'Is that all!' she said. 'Oh, what a fright you gave me! Is it only something I have done without knowing it? You ridiculous, silly boy! Why can't you tell me plainly what it is, without all this nonsense? You know it is nonsense,' Norah continued, warming as she went on. 'What can I have done? Besides, however disagreeable I might have been, what right have you to mind? Nobody else minds. I am not a slave, never to be allowed to make myself unpleasant. There! I will be disagreeable if I like! I am not to be always bound to do what is pleasant to you.'
'If you take me up in this spirit, Norah——'
'Yes, I mean to take you up in this spirit. You have no right to feel everything like a ridiculous sensitive plant. Why should you? If I were a sensitive plant I might have some cause. I am little, I am friendless, I am very poor; I have nothing in the world but mamma. But for you to set up to have feelings, Ned! you, a boy! that can go where you like, and do what you like, and have heaps of money, and everybody bowing down before you! It is because you have nothing really to vex you, that you are obliged to invent things. Oh, you wicked, ungrateful boy, to pretend that you are unhappy! Look at Mr Stephen, and look at mamma!'
'But, Norah,' said Ned hurriedly; 'Norah dear! listen to me only one moment.'
'You ought to be ashamed of yourself,' she said. 'I won't listen to you. I have plenty of things to bother me, and you have nothing. You never had to think whether you could spend this or that—whether you could have a new coat, or go a journey, or anything; and you go and make troubles because you have not got any.' Here she made a pause, turning her head away, so that poor Ned was more miserable than ever. And then all at once she turned and looked up kindly at him. 'What was it I did, Ned?'
This sudden revolution overwhelmed him altogether. He felt the water leap to his eyes. He was so young. And then he laughed unsteadily.

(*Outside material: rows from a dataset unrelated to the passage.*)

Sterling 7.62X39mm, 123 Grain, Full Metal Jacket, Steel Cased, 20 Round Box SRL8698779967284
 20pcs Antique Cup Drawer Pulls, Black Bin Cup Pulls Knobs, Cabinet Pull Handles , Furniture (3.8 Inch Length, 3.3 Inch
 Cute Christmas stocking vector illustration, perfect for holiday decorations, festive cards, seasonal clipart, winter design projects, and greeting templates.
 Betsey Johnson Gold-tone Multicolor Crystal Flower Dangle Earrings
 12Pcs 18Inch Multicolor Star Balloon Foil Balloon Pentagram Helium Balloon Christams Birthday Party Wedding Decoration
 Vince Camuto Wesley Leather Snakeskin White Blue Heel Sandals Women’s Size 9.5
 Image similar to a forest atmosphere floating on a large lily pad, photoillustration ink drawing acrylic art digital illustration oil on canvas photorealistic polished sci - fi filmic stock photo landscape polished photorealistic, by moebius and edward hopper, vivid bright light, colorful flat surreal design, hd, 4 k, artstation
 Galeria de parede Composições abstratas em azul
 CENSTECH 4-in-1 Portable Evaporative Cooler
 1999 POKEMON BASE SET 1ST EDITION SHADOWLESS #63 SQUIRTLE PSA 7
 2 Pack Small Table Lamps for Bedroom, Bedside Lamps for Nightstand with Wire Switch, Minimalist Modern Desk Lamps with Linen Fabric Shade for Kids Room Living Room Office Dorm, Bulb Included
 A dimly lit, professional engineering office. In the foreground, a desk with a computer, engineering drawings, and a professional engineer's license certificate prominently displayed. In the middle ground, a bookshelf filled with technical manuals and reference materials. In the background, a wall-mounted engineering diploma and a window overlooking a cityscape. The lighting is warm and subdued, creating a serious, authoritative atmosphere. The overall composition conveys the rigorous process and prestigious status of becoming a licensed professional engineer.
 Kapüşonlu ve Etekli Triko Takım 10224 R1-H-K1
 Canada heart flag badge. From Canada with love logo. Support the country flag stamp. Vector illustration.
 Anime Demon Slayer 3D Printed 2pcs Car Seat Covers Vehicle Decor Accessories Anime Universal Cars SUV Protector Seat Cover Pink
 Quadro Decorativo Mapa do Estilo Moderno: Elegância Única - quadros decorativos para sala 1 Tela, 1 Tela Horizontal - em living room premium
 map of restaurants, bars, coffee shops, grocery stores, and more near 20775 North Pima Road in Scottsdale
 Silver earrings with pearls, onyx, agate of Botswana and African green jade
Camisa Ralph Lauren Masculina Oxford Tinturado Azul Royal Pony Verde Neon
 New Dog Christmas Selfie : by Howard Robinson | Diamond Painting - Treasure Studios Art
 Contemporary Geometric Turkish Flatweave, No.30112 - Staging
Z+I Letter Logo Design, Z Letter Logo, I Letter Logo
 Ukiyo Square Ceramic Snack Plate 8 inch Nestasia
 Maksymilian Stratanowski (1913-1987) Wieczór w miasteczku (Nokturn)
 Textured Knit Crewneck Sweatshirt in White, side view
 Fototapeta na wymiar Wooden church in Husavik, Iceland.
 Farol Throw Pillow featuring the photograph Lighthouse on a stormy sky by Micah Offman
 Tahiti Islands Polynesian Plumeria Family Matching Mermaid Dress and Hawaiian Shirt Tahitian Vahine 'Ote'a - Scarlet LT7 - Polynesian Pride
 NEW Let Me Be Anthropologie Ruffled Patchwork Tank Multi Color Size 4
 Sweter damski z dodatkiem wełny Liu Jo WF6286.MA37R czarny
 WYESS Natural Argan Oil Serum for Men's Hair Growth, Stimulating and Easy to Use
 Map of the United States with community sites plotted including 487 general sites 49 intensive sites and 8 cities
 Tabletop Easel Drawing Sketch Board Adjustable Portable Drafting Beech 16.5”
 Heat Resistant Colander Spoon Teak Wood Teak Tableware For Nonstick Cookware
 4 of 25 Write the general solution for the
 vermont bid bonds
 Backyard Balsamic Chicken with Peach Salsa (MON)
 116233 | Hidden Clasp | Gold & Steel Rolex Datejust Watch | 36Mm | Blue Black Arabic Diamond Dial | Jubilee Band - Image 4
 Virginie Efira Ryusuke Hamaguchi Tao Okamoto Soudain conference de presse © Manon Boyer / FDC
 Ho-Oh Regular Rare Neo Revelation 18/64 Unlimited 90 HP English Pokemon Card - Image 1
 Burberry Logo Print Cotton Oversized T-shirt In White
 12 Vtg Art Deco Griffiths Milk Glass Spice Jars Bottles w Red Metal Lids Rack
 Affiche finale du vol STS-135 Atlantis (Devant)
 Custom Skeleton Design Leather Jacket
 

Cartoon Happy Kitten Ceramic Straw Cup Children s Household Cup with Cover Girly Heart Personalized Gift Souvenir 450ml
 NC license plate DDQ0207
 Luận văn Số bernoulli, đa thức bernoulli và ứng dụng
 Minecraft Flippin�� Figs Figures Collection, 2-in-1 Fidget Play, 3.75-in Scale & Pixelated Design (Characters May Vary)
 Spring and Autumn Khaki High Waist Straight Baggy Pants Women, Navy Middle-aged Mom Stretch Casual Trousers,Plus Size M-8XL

'What a girl you are, Norah!' he said.
'Was I cross last night? What did I do? I didn't mean it, I am sure. I came over quite innocently, never thinking Katie was bringing me to be scolded. It was not friendly of Katie. She ought to have told me. But, Ned, what was it? Tell me what I did.'
'Norah, things must not go on like this. I cannot do it. It may be as much as my life is worth,' said the youth. 'Look at those two over there; they may quarrel sometimes——'
'They quarrel every day of their lives,' said Norah, breathless, in a parenthesis.